5 June May 2010
US Cyber Command chief warns of 'remote sabotage'
General Keith Alexander, head of the newly created US Cyber Command, also said developing a real-time picture of threats to US military networks and the rules to fight back would be among his priorities.
Alexander, who also heads the National Security Agency, the super secret US surveillance agency, said Pentagon systems are "probed by unauthorized users approximately 250,000 times an hour, over six million times a day."
In his first public remarks since assuming command of Cyber Command two weeks ago, Alexander said the US military "depends on its networks for command and control, communications, intelligence, operations and logistics."
"We at the Department of Defense have more than seven million machines to protect linked-in 15,000 networks," he said in a speech to cybersecurity experts and reporters at the Center for Strategic and International Studies.
The role of US Cyber Command is to "deter, detect and defend against emerging threats against our nation in cyberspace," Alexander said.
"Our nation's interests are in jeopardy," he said citing "tremendous vulnerabilities" and threats from a "growing array of foreign actors, terrorists, criminal groups and individual hackers."
"Cyberspace has become a critical enabler for all elements of national and military power," Alexander said. "Our data must be protected."
The four-star general said distributed denial of service (DDOS) attacks on Estonia and Georgia in 2007 and 2008 were aimed at temporarily shutting down computer networks but new threats have emerged.
"There are hints that some penetrations are targeting systems for remote sabotage," he said. "The potential for sabotage and destruction is now possible and something we must treat very seriously."
Alexander said the military and government needed to increase their ability it see what is happening on computer networks in real-time.
"We have no situational awareness, it's very limited. We do not have a common operating picture for our networks," he said.
"We need real-time situational awareness on our network to see where something bad is happening and take action there at that time," he said. "We must share indications and warning threat data at net speed."
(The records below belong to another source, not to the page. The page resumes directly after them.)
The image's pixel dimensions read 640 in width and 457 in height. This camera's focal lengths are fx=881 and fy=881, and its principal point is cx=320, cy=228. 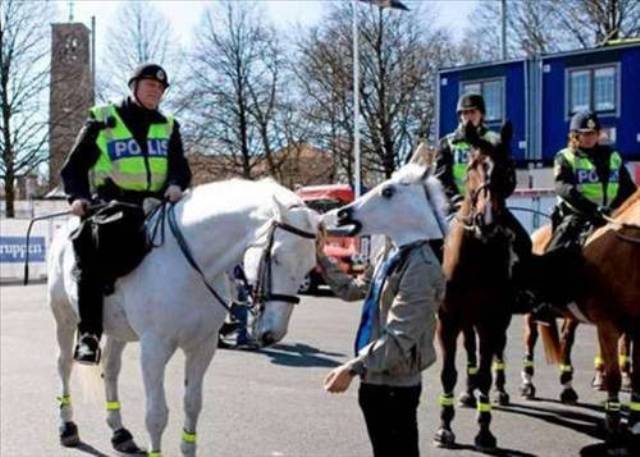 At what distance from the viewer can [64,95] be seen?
4128 centimetres

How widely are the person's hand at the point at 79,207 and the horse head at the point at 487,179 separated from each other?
2.90 meters

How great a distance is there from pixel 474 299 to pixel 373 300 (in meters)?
3.24

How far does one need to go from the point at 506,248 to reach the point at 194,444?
3.06m

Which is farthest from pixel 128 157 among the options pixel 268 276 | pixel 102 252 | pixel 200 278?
pixel 268 276

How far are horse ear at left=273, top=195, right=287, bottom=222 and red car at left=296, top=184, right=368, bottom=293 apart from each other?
13220mm

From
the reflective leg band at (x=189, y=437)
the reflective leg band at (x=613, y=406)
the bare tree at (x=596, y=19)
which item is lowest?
the reflective leg band at (x=613, y=406)

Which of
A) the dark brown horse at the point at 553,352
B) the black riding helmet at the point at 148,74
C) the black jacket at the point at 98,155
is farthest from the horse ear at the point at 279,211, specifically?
the dark brown horse at the point at 553,352

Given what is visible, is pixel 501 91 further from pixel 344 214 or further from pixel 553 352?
pixel 344 214

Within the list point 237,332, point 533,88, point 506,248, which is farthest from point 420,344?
point 533,88

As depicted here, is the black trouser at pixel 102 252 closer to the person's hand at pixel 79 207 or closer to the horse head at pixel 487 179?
the person's hand at pixel 79 207

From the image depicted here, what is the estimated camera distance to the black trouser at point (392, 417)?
426cm

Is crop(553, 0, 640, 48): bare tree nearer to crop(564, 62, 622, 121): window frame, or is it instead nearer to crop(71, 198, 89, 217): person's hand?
crop(564, 62, 622, 121): window frame

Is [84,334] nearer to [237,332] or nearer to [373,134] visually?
[237,332]

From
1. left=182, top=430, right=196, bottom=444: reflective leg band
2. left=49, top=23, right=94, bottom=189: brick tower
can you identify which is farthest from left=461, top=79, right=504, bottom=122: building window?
left=49, top=23, right=94, bottom=189: brick tower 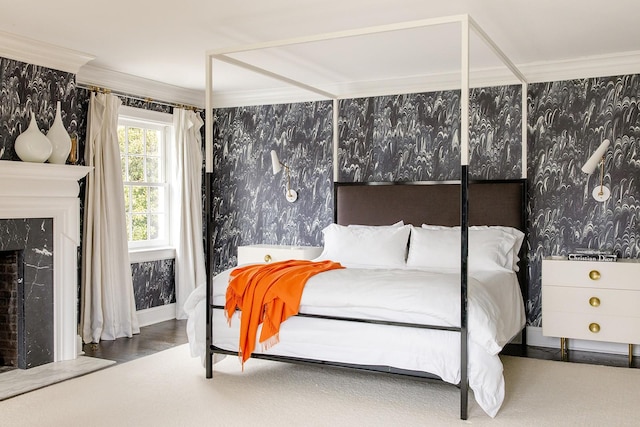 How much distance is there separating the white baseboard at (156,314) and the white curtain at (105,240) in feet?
1.20

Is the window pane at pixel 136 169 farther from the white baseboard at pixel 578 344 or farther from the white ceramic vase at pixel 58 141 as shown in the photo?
the white baseboard at pixel 578 344

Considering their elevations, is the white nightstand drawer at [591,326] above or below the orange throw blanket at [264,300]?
below

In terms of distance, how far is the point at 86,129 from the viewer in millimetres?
5555

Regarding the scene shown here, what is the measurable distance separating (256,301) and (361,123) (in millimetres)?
2720

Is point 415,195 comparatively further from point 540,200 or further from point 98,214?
point 98,214

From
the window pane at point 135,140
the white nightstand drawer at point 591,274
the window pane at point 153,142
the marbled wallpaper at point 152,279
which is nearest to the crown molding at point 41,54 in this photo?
the marbled wallpaper at point 152,279

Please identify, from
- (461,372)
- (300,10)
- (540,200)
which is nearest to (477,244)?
(540,200)

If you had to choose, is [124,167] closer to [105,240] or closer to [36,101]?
[105,240]

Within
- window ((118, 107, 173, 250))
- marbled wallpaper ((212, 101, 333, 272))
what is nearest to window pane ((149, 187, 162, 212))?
window ((118, 107, 173, 250))

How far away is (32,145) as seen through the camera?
15.4ft

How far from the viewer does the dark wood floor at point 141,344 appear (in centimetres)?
508

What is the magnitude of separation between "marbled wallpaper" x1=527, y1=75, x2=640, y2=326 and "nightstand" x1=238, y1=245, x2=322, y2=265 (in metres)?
2.00

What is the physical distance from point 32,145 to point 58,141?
25 cm

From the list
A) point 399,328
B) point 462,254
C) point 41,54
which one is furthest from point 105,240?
point 462,254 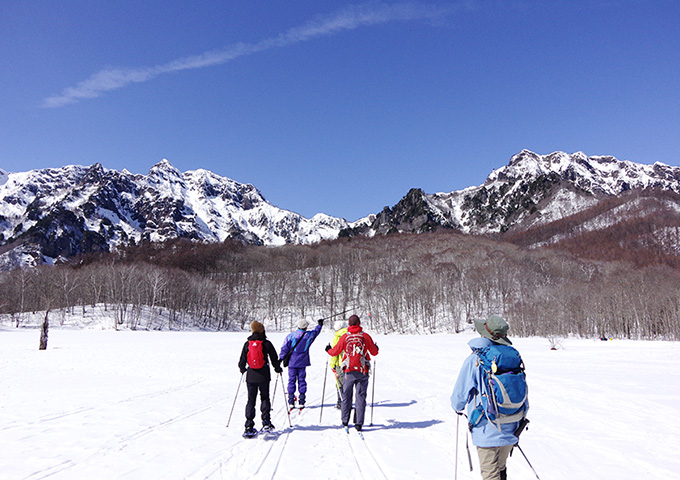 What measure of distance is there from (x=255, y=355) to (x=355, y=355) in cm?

Alexander said more "clear rules of engagement" needed to be established over how to respond to cyberattacks.
"We have to look at it in two different venues - what we're doing in peacetime and in wartime," he said. "Those things that you do in wartime, I think, are going to be different from what you do in peacetime."
A Russian proposal to create a cyberwarfare arms limitation treaty could be "a starting point for international debate" but "at levels above me," he said.
Alexander said effective cybersecurity would involve partnering with the private sector and others.
"All of us in government recognize that we cannot do this without the help of industry, academia and our allies," he said. "Securing cyberspace is a team sport.
"Securing our networks is not just a (military) issue it is a national security issue with implications for all instruments of national power," he said.
Alexander said the NSA, whose warrantless wiretapping program has been ruled illegal by a US judge, takes civil liberties and privacy "very seriously" and is subject to strict oversight by Congress and the courts.
"My responsibility as director of NSA is to ensure that what we do comports with the law," he said. "Every action that we take we have legal reviews of it all the way up or down.
"It doesn't mean we won't make a mistake," he said.
"The hard part is we can't go out and
tell everybody exactly what we do because we give up capability that may
be extremely useful in protecting our country and our allies," he said.